# A fridge for Rip



## SENC (Jan 14, 2016)

@ripjack13 - this made me think of you...


http://marshallfridge.com/

(pic added by admin for posterity)

Reactions: Like 1 | Great Post 1 | Funny 1 | Way Cool 6


----------



## Kevin (Jan 14, 2016)

We nned a new rating icon - one that says WAAAAAAAAAAAAAAAAAAAAAAAAAAAAAAAAAY COOL!

Reactions: Agree 5 | Great Post 1


----------



## Schroedc (Jan 14, 2016)

I wonder if you could get a Fender fryer...

Reactions: Like 1 | Funny 2


----------



## ripjack13 (Jan 14, 2016)

OH MY GOD THEY HAVE A MOTLEY CRUE MARSHALL FRIDGE!!!!!!!

Reactions: Like 1


----------



## ripjack13 (Jan 14, 2016)

knobs that go to 11!!!!

Reactions: Agree 1


----------



## ripjack13 (Jan 14, 2016)

I'm trying to rationalize with Michele that I need this.....

Reactions: Funny 2


----------



## SENC (Jan 14, 2016)

ripjack13 said:


> I'm trying to rationalize with Michele that I need this.....


Not need... NEED!

Reactions: Agree 1


----------



## ripjack13 (Jan 14, 2016)

The motley one.....me NEED!

Reactions: Funny 1


----------



## duncsuss (Jan 14, 2016)

ripjack13 said:


> I'm trying to rationalize with Michele that I need this.....


try begging, you stand a better chance

Reactions: Agree 2 | Funny 1


----------



## Kevin (Jan 14, 2016)

ripjack13 said:


> I'm trying to rationalize with Michele that I need this.....

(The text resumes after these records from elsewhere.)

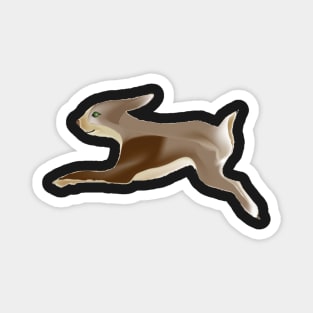 Running Bunny Rabbit Magnet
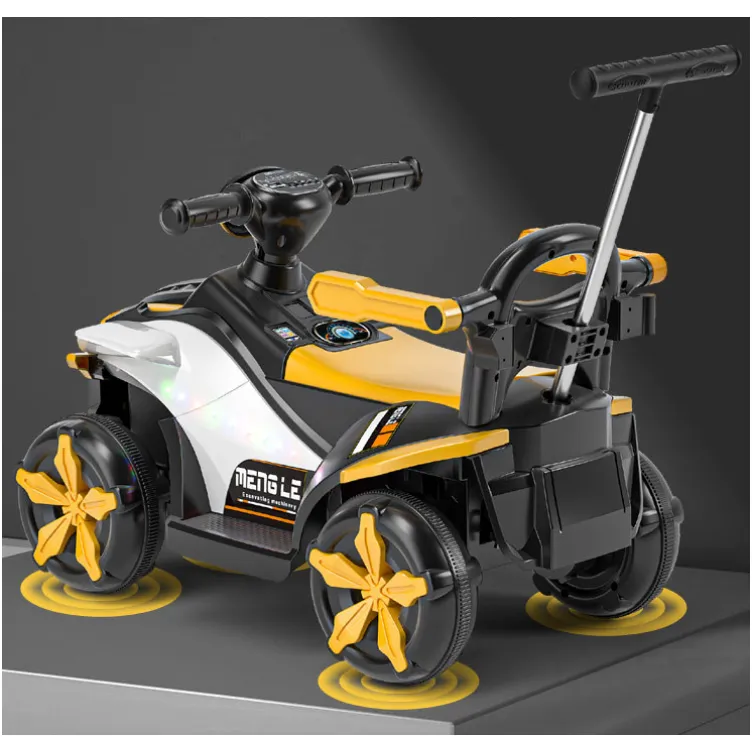 Auto na Akumulator  za decu sa drškom (6V) SM-24306 žuti 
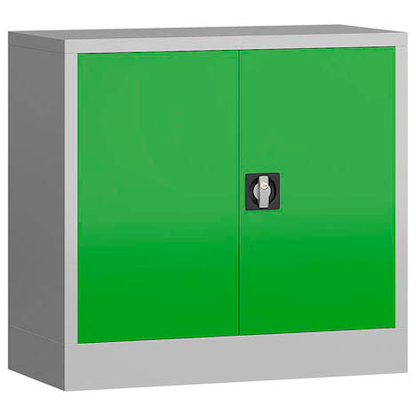 Artikelbild 2 für ClassiX Metallschrank X-530305 lichtgrau, gelbgrün 80,0 x 38,0 x 75,0 cm, aufgebaut, Artikelnummer 184079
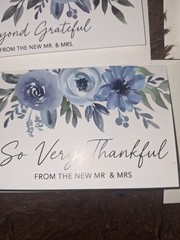 10 after wedding thank you cards with envelopes. 4×6. From The New Mr. & Mrs.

Make one. You have plenty of time if you just put down the paint brush.

Reactions: Funny 2


----------



## ripjack13 (Dec 3, 2020)

@Arn213


----------



## Arn213 (Dec 3, 2020)

.......sign me up if the volume goes up to 11 and a wall of them please!

Reactions: Like 1


----------



## ripjack13 (Dec 3, 2020)

Arn213 said:


> .......sign me up if the volume goes up to 11 and a wall of them please!



Ha! nice...


----------